The article "Examining Mythology in 'The Chronicles of Narnia' by C. S. Lewis" by Alicia D. Costello examines Mythology in C. S. Lewis's Chroncles of Narnia. The article, on the whole, discussed, not necessarily mythology in human life on Earth that made an appearance in the series, but rather, the nature of myths that C. S. Lewis created within the series itself.
In reading the essay, the first noteable feature was Ms. (or Mrs.) Costello's use of an introductory "hook" to catch the reader's attention. However, the most attention-catching feature of this hook was not, in fact, it's catchiness, so to speak, but rather, its painful rigidity. She describes the "wonder of opening a book" and manges to slip in a wardrobe reference, but still takes a couple sentences to actually begin the topic. By the time she begins actually discussing C. S. Lewis and Mythology, the feelings of reading a high school essay by a fairly inept writer are already inplace (a feeling that proofreading my own work has often brought up).
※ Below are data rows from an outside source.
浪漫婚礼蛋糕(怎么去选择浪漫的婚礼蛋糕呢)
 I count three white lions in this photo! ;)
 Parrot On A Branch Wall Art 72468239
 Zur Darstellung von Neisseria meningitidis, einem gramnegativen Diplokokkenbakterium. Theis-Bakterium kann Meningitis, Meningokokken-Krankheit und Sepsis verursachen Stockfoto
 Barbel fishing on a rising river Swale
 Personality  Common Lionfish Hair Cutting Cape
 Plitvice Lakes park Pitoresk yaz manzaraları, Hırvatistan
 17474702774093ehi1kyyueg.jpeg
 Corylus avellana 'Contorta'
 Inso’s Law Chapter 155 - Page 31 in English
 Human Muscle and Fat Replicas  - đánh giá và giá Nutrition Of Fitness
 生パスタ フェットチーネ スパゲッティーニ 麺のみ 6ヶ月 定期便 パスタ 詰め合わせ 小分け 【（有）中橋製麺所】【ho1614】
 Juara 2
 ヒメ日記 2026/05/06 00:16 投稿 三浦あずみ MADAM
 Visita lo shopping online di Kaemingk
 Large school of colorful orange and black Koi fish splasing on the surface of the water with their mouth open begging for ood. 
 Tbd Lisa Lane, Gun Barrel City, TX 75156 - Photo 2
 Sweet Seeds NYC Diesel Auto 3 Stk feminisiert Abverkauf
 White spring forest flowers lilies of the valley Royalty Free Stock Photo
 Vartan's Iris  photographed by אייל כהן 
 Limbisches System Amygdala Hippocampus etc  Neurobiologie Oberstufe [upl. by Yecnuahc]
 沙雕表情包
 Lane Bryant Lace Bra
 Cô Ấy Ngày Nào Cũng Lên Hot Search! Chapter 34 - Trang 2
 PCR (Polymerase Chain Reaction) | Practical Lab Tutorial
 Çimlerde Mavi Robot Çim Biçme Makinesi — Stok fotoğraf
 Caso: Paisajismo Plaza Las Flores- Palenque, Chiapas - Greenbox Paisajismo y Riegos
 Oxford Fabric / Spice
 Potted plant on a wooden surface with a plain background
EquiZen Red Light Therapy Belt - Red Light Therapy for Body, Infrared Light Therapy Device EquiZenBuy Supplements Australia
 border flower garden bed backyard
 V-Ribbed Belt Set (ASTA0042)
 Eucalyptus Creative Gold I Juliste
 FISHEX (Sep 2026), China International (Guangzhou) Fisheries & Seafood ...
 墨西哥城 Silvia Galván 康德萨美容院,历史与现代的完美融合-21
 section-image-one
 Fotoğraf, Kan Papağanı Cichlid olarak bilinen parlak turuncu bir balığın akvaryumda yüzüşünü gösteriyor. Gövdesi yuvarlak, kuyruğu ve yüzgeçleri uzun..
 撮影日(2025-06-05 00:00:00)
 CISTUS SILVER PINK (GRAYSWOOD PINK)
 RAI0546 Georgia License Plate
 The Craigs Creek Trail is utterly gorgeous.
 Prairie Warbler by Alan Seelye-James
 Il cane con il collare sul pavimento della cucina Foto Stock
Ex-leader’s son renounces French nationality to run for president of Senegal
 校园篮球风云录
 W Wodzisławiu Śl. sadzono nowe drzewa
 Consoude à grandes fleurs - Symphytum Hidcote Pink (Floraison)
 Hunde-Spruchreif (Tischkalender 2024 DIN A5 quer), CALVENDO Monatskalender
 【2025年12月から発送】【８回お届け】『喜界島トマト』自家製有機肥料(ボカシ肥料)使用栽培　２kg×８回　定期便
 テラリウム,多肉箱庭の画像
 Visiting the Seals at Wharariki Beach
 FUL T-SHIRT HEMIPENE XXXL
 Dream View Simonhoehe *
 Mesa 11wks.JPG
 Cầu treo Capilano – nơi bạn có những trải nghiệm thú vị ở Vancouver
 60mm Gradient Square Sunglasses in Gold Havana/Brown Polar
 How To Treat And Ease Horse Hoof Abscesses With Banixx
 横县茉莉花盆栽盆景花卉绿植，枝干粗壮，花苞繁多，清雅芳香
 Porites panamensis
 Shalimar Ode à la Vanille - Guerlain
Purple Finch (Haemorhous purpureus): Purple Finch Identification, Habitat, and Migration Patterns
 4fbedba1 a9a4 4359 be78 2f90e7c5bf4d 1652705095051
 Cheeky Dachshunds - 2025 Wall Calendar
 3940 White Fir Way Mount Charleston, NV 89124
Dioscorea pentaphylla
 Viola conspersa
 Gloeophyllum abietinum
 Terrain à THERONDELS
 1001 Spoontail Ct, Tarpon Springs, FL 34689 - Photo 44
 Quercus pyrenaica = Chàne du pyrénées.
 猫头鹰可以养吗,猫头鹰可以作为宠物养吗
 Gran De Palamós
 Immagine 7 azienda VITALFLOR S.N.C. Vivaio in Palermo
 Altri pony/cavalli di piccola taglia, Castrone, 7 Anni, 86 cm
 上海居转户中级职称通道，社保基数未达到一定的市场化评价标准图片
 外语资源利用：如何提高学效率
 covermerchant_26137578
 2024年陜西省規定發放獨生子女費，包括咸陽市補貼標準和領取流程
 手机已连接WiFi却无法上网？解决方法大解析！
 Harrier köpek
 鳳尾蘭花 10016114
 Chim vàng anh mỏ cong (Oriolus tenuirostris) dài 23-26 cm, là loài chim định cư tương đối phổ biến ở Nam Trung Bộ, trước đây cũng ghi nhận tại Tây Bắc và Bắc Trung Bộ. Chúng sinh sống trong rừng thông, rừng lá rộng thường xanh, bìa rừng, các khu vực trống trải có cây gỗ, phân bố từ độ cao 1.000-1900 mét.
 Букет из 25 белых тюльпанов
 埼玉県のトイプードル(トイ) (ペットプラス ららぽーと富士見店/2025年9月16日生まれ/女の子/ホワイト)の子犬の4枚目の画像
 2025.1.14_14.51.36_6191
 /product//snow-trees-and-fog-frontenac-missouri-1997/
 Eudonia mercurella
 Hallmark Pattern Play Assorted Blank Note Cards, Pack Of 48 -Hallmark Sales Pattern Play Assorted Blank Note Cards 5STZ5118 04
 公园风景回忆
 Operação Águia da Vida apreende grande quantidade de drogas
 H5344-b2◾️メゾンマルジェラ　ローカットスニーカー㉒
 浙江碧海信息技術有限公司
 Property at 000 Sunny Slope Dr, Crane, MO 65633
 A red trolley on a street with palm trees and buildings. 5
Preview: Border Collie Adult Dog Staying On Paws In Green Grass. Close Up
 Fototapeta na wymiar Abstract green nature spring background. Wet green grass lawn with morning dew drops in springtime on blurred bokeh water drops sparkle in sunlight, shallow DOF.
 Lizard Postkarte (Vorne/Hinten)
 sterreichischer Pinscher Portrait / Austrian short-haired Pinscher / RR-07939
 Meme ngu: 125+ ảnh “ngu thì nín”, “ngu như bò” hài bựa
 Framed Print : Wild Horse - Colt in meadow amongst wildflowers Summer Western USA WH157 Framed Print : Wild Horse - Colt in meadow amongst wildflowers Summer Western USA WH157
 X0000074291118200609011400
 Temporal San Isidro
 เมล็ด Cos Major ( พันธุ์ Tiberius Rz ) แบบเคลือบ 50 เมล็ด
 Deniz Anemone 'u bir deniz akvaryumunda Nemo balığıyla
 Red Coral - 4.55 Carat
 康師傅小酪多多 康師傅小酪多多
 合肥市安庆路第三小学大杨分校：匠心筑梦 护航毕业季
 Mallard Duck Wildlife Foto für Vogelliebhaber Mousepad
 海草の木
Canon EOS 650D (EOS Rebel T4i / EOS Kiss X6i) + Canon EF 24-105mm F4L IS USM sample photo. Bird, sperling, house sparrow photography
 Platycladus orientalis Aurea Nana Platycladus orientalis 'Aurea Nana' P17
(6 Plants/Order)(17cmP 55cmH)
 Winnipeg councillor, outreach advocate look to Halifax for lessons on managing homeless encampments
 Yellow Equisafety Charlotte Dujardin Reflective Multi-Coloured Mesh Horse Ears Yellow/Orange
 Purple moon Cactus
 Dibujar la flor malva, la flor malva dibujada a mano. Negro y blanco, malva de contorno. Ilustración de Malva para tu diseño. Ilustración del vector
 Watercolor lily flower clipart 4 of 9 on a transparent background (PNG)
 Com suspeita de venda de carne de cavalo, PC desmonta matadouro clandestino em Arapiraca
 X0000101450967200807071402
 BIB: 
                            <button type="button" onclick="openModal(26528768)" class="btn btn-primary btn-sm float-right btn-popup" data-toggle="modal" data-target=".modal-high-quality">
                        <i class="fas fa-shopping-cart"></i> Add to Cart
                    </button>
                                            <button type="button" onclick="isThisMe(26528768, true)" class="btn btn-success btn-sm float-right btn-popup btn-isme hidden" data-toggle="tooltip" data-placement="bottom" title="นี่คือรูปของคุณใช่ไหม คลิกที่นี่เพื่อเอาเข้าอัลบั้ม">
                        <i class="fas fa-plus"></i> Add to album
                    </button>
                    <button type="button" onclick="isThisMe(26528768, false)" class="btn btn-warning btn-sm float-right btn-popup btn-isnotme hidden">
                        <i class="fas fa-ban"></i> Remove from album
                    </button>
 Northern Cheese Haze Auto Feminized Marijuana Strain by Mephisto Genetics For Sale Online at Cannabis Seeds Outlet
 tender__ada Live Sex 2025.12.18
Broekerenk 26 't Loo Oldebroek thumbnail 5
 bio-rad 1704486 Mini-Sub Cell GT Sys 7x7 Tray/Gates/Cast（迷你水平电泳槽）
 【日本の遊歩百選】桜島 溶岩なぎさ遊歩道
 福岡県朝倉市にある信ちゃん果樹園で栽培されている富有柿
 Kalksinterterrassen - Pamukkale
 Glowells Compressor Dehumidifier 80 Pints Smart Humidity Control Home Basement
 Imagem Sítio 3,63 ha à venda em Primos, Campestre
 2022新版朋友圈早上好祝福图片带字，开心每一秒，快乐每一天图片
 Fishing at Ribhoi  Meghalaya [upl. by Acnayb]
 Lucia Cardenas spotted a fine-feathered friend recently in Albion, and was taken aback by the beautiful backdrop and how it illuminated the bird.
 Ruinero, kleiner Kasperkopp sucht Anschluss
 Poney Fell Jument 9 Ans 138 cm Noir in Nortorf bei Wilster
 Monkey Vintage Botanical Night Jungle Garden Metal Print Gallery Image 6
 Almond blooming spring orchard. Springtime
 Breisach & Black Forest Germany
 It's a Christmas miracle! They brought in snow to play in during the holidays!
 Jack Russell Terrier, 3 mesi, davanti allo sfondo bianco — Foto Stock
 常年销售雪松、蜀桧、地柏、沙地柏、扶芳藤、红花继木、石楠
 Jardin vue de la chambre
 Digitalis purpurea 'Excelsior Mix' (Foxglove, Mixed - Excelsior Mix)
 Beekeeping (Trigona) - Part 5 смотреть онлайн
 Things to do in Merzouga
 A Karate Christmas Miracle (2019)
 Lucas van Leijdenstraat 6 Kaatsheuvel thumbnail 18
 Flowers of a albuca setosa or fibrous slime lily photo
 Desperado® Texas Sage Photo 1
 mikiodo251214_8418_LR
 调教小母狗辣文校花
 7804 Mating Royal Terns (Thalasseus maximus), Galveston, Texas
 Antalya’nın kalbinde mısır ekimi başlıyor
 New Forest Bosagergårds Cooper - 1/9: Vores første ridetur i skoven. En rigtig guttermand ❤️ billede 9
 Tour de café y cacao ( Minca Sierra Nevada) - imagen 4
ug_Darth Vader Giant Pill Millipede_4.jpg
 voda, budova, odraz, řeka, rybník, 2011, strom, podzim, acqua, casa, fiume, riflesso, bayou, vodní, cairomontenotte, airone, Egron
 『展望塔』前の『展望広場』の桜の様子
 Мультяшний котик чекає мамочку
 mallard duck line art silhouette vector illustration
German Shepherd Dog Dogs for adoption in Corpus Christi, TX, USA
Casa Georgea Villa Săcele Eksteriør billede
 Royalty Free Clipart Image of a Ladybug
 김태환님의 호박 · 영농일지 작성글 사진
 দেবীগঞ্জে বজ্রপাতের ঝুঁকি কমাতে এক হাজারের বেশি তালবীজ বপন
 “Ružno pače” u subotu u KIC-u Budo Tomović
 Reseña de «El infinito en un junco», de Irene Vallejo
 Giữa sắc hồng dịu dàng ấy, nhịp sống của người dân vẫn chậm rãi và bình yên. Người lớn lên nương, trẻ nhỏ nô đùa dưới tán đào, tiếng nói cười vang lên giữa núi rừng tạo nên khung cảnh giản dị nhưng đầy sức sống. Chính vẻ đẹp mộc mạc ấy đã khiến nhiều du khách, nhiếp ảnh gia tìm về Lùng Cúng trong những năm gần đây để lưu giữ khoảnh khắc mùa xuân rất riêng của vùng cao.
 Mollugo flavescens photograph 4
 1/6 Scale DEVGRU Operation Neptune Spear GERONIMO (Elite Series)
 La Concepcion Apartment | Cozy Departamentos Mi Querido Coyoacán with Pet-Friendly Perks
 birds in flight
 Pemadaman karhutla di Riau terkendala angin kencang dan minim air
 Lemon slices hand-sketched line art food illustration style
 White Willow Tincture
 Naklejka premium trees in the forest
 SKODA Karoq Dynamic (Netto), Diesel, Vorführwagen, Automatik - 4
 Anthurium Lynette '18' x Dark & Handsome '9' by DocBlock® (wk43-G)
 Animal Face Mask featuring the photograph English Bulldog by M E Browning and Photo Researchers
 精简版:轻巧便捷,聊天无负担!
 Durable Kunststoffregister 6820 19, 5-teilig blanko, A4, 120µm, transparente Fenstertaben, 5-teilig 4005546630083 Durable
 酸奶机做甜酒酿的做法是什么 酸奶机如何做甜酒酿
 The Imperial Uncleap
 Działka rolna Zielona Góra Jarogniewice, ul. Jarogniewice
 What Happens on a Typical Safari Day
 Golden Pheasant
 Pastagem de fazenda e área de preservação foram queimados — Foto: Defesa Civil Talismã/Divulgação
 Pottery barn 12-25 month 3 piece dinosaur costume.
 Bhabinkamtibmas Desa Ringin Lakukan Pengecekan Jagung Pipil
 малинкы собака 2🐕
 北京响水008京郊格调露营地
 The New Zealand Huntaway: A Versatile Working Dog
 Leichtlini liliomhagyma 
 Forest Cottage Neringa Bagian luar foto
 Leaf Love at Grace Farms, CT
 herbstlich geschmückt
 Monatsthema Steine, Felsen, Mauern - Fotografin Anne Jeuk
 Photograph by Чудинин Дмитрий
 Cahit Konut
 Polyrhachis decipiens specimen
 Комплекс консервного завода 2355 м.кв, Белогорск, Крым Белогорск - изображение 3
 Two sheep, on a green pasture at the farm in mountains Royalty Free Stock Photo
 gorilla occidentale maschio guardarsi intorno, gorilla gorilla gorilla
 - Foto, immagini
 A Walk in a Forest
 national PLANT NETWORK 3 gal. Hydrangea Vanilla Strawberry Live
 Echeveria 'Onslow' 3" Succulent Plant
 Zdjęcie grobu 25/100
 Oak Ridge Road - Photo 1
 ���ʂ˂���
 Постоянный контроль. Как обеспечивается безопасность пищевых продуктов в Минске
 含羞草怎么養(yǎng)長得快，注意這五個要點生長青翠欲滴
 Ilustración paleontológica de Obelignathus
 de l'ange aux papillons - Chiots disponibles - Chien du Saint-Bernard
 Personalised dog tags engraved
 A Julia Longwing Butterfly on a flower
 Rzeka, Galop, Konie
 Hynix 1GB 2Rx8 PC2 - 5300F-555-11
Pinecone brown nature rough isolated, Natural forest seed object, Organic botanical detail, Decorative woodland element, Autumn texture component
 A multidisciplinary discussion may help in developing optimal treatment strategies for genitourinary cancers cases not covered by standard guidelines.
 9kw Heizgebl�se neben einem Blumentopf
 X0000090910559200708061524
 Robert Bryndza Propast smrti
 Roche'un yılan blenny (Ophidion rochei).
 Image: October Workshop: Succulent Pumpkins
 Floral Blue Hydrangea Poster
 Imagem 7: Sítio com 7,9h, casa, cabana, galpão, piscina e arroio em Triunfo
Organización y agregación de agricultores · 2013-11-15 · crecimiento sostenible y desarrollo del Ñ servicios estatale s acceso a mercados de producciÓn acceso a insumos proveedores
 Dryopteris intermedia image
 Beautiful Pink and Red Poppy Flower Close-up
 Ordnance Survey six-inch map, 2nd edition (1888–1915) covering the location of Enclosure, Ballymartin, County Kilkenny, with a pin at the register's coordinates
This already sends the wrong message regarding the worth of Ms. (or Mrs.) Costello's essay, because it gives of the stench of B. S. that tends to accumulate around such painful, and usually clueless, writers when it comes to beginnings. As a result, Ms. Costello's credibility is already strongly damaged.
The essay predictably contained a thesis at the end of the first paragraph, that essentially just told the reader that C. S. Lewis created a working mythology for his books. This thesis is neither controversial nor insightful, and continues the feeling of answering a prompt to get a grade, which was very possibly her intent, rather than a true sharing of a unique insight amongst peers or others who would be interested in Lewis's Chronicles of Narnia on a higher thought level. This reveals to her audience of her college professor (or likely, his or her assistant, as this essay doesn't seem to come from a class of high level learning, due to the elementary nature of the essay structure) that he or she should settle in for another substandard paper.
On a more positive note, Ms. (or Mrs.) Costello's paper was fairly organized in terms of parting information; listing seven characteristics than Lewis considered vital for myths as he wrote them. The essay even proved each characteristic convincingly using C.S. Lewis's own writings and speeches, which helps improve Ms. how about we just assume she's not hitched yet, and go with Ms.) Costello's fairly minimal credibility, which is then further boosted by a conclusion that suffers none of the awkward "I must follow rules" feeling of the introduction, and prose that is intelligent, but still understandable to the non-elite intellectual types, which makes one decide that, yes, it is the T. A. grading the paper after all.
What becomes the most noteable feature of the essay, as it comes to a close, is the fairly pointless reach of the essay. Yes, it solidly proves its point: Mr. C. S. Lewis created myths of certain characteristics. Cool. Ms. Costello's readers/ TA would be glad to hear it. However, the essay retains to relevency to even the literature itself; the only insight it reveals is something plainly obvious to those reading the actual series: the Chronicles of Narnia contains (wait for it...) Mythology!